Debemos pedir al Espíritu Santo que nos inunde con sus siete dones, concedidos para que seamos dóciles a sus propias inspiraciones para elevarnos hasta Dios y asemejarnos a Él. Son disposiciones permanentes que nos hacen dóciles para seguir los divinos impulsos del Espíritu Santo. Como el Catecismo nos recuerda, son los dones de sabiduría, inteligencia o entendimiento, consejo, fortaleza, ciencia, piedad y temor de Dios. Y junto a estos siete dones, no olvidemos los doce frutos del Espíritu Santo, que son primicias de la vida eterna: caridad, gozo, paz, paciencia, longanimidad o perseverancia, bondad, benignidad, mansedumbre, fidelidad, modestia, continencia y castidad.
En consecuencia, San Juan de la Cruz ofrece una comparación bellísima en el Cántico espiritual cuando emplea la imagen del austro o ábrego, el viento apacible que trae lluvias y hace germinar la vegetación y abrir las flores, para referirla a la acción del Espíritu Santo en el alma enamorada de Cristo, y dice así que, “cuando este divino aire embiste en el alma, de tal manera la inflama toda, y la regala y aviva, y recuerda la voluntad y levanta los apetitos, que antes estaban caídos y dormidos en el amor de Dios, que se puede bien decir que recuerda los amores de él y de ella”, aspirando por el huerto del alma para producir su perfeccionamiento en las virtudes (canción XVII).

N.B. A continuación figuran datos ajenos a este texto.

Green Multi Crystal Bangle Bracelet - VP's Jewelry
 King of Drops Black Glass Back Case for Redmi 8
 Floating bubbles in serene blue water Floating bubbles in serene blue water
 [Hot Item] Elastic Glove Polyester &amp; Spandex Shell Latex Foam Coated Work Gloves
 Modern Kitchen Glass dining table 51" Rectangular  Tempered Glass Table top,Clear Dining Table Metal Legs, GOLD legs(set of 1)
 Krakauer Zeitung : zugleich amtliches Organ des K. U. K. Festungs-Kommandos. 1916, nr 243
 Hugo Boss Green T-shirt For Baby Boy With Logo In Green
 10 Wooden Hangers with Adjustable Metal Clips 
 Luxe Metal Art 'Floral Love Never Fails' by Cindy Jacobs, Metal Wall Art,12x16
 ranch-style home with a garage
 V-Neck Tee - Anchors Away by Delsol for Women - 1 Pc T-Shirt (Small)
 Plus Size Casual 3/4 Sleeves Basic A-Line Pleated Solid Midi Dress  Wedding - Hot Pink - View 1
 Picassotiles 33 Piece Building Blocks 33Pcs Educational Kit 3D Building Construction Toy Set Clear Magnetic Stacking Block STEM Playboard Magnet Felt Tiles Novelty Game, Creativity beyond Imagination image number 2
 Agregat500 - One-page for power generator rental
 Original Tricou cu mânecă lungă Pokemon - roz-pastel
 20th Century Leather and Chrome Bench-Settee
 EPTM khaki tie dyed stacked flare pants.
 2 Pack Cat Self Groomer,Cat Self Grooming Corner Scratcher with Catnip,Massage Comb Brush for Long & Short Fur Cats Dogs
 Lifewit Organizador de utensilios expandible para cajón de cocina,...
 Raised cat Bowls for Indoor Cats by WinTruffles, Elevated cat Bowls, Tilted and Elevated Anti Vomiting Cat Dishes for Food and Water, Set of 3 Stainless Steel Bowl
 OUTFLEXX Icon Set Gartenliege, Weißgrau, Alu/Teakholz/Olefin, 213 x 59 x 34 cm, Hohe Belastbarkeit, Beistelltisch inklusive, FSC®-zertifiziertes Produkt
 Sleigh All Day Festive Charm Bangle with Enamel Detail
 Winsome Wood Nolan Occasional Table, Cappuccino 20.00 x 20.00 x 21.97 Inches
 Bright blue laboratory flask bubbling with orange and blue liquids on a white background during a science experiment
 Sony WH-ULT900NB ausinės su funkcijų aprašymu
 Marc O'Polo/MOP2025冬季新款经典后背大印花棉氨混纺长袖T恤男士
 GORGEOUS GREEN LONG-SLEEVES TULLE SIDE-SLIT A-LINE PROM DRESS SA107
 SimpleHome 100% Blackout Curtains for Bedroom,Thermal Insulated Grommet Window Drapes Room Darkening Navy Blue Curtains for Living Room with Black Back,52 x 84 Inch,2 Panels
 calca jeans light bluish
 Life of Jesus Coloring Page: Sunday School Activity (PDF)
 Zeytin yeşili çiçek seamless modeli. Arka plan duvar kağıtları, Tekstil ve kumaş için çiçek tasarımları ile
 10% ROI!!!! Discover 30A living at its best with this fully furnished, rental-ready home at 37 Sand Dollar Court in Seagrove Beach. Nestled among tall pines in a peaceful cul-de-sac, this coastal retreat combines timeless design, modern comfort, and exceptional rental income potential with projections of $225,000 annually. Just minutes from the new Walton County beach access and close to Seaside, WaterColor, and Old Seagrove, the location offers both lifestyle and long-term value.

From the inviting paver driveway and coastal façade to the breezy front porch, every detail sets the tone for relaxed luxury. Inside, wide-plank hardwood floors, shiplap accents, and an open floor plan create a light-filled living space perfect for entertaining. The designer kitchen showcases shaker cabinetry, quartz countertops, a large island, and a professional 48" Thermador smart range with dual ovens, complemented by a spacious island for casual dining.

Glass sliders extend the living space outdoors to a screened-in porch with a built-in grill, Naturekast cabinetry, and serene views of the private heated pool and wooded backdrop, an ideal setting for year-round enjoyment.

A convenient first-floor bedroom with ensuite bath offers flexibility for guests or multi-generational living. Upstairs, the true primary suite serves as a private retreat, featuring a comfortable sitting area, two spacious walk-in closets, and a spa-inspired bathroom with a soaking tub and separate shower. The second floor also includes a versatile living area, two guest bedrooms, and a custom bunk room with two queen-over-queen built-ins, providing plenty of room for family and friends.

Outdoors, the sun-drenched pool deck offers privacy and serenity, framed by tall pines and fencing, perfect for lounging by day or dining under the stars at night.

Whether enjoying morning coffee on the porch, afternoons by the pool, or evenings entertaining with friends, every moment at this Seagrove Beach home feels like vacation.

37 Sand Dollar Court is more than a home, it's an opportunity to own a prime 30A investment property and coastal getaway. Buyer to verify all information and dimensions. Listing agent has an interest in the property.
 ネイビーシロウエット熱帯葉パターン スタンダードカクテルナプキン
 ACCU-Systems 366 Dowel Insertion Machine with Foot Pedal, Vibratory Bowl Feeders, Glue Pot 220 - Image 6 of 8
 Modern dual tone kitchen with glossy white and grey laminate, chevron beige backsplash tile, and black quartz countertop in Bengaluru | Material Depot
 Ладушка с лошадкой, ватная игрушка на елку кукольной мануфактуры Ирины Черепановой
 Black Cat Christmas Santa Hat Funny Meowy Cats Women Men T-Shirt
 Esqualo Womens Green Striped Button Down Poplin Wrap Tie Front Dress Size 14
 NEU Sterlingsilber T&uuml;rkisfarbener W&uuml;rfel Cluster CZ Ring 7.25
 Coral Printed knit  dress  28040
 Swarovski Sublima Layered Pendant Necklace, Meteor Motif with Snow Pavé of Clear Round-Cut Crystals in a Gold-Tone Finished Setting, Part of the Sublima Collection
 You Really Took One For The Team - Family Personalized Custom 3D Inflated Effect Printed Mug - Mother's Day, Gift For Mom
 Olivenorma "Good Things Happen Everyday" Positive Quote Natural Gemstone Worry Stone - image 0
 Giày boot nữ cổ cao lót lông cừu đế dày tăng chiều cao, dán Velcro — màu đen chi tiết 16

El Espíritu Santo suscita la santidad de la Iglesia y hace realidad lo que se celebra en los sacramentos y que éstos sean eficaces para nuestras almas. Así, cuando en la Santa Misa que estamos celebrando tenga lugar la consagración, Él va a descender sobre las especies del pan y del vino para que se transformen realmente en el Cuerpo y en la Sangre de Cristo. Y si recibimos la Comunión en las debidas condiciones, hallándonos en estado de gracia sin pecado mortal, Él hará que fructifique en nosotros este alimento espiritual, haciendo que, como decía San Agustín, nos transformemos en Jesucristo.
Hay situaciones muy adecuadas para pedir la luz y la fuerza al Espíritu Santo. Por ejemplo: cuando un sacerdote se dispone a confesar, cuando una persona debe dar un consejo, cuando tenemos un problema que no sabemos cómo resolver, cuando vamos a estudiar o a redactar algo, cuando nos asalta una tentación, etc.
En fin, que María Santísima, que estaba presente con los Apóstoles el día de Pentecostés, nos ayude a conocer mejor al Espíritu Santo para avanzar en nuestra vida espiritual y penetrar en las honduras del misterio de Dios.